SUPRAMOLECULAR COMPLEX FLAVOR IMMOBILIZING FOR CONTROLLED RELEASE OF FLAVOR IN SMOKING ARTICLES

Abstract

A smokable composition includes (a) a smokable material; and (b) a supramolecular assembly. The supramolecular assembly comprises a flavorant and at least one selected from the group consisting of O,O′-dibenzoyl-(2R,3R)-tartaric acid, a hydrate thereof or a salt thereof, and ditoluoyl-(2R,3R)-tartaric acid, a hydrate thereof or a salt thereof. In addition, a smoking article comprises a rod of tobacco or tobacco substitute, optionally a filter attached to the rod, and the supramolecular assembly, as menthol-release agent.

Description

SUMMARY

According to one embodiment is provided a smokable composition that comprises:

• • (a) a smokable material; and
  • (b) a supramolecular assembly,
  • wherein the supramolecular assembly comprises a flavorant and at least one of O,O′-dibenzoyl-(2R,3R)-tartaric acid, a hydrate thereof, a salt thereof, ditoluoyl-(2R,3R)-tartaric acid, a hydrate thereof, a salt thereof, or combinations of these.

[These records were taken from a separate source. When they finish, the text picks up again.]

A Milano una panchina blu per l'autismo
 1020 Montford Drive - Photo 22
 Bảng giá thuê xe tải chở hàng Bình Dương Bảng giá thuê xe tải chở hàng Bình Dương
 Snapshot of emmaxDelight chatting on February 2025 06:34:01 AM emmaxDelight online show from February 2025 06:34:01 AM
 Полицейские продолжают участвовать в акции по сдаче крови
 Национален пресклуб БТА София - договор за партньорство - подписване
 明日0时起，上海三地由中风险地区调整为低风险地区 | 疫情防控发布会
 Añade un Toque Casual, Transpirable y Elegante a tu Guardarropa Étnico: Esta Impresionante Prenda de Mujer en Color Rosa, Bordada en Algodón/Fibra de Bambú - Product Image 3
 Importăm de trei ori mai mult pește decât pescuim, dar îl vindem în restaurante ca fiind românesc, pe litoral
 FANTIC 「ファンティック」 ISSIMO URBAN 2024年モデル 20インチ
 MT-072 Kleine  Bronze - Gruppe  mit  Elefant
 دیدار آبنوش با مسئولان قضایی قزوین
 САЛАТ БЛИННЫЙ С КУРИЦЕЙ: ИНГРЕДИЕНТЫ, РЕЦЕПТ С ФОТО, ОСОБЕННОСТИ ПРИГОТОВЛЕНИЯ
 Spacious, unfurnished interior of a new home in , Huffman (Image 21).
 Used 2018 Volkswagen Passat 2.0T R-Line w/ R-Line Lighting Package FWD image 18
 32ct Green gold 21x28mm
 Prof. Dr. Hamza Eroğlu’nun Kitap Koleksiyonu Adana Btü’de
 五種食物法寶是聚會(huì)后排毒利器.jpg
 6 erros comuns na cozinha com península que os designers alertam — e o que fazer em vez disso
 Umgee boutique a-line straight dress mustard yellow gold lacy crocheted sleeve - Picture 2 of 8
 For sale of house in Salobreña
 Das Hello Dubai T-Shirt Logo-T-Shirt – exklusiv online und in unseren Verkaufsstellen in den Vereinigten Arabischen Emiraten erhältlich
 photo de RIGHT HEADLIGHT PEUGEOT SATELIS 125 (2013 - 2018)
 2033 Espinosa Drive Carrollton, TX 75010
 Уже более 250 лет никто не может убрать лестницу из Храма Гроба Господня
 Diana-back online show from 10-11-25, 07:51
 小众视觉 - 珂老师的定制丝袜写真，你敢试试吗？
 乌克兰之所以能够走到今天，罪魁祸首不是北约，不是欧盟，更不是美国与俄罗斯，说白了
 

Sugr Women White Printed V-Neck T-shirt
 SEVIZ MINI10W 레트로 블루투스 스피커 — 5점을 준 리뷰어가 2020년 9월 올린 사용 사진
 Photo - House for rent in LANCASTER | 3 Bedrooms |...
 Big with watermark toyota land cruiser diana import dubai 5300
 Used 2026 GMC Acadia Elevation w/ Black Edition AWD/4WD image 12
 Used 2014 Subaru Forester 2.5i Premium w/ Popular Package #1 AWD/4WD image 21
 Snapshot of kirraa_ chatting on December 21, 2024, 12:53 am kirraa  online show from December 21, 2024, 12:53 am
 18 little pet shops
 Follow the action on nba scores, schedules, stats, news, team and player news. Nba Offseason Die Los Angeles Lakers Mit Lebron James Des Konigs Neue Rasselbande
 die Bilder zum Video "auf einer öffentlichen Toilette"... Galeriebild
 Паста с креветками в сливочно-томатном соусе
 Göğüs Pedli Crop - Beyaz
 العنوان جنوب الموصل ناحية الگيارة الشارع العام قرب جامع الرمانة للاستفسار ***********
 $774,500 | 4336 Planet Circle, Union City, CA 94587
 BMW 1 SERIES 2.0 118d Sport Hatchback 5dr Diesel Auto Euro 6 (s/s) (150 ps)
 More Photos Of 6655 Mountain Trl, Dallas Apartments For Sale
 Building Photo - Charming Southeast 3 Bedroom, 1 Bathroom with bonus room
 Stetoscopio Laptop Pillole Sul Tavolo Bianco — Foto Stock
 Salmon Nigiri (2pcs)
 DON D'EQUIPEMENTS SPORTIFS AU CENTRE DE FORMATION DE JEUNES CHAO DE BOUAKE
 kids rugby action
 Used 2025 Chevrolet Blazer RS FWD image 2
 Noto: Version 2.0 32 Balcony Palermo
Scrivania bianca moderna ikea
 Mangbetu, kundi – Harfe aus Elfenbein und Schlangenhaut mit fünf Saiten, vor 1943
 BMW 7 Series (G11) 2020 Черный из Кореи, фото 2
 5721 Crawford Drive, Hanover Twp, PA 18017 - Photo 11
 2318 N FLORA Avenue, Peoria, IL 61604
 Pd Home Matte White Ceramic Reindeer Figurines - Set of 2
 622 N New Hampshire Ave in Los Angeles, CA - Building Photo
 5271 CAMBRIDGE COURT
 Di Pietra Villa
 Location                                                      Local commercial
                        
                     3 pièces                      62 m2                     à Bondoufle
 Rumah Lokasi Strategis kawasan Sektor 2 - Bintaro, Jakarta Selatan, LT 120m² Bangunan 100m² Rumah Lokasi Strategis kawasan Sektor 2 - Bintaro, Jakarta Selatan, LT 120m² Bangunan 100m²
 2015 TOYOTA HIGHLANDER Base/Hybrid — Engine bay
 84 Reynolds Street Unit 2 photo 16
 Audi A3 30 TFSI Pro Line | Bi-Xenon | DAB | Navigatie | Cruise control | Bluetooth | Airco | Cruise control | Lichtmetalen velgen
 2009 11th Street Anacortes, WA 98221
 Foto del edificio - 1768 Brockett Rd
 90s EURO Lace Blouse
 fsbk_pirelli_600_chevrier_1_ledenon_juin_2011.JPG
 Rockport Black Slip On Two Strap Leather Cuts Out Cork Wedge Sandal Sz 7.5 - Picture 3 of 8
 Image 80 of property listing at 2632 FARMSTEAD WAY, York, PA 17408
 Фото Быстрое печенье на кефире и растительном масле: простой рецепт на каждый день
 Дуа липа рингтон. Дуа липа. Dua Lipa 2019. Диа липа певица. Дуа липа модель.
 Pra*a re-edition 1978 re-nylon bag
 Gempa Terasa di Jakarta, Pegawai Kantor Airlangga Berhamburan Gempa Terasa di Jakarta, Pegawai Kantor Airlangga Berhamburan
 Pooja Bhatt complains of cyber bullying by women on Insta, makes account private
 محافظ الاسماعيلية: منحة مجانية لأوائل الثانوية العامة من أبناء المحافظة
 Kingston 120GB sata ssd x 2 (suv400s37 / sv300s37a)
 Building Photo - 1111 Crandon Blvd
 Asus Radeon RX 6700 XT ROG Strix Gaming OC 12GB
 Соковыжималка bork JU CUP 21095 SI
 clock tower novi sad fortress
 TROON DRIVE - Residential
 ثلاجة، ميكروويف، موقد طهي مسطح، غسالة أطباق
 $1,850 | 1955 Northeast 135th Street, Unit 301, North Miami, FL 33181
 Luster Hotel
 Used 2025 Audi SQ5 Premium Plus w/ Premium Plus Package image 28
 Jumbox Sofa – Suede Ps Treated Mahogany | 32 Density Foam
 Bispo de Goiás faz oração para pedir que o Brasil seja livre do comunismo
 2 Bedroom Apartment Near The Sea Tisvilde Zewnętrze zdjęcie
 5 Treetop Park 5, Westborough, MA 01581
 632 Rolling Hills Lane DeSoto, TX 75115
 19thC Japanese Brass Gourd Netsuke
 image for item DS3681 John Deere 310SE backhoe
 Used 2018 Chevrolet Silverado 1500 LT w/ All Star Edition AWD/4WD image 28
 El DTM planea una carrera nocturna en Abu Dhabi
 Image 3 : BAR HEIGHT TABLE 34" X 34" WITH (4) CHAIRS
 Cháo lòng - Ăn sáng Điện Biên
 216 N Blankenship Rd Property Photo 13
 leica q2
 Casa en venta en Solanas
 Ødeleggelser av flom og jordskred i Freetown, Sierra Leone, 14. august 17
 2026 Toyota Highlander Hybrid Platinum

According to another embodiment is provided a smoking article that comprises:

• • (a) a rod of tobacco or tobacco substitute;
  • (b) optionally a filter attached to the rod; and
  • (c) the supramolecular assembly, wherein the supramolecular assembly comprises a flavorant and at least one of O,O′-dibenzoyl-(2R,3R)-tartaric acid, a hydrate thereof, a salt thereof, ditoluoyl-(2R,3R)-tartaric acid, a hydrate thereof, a salt thereof, or combinations of these.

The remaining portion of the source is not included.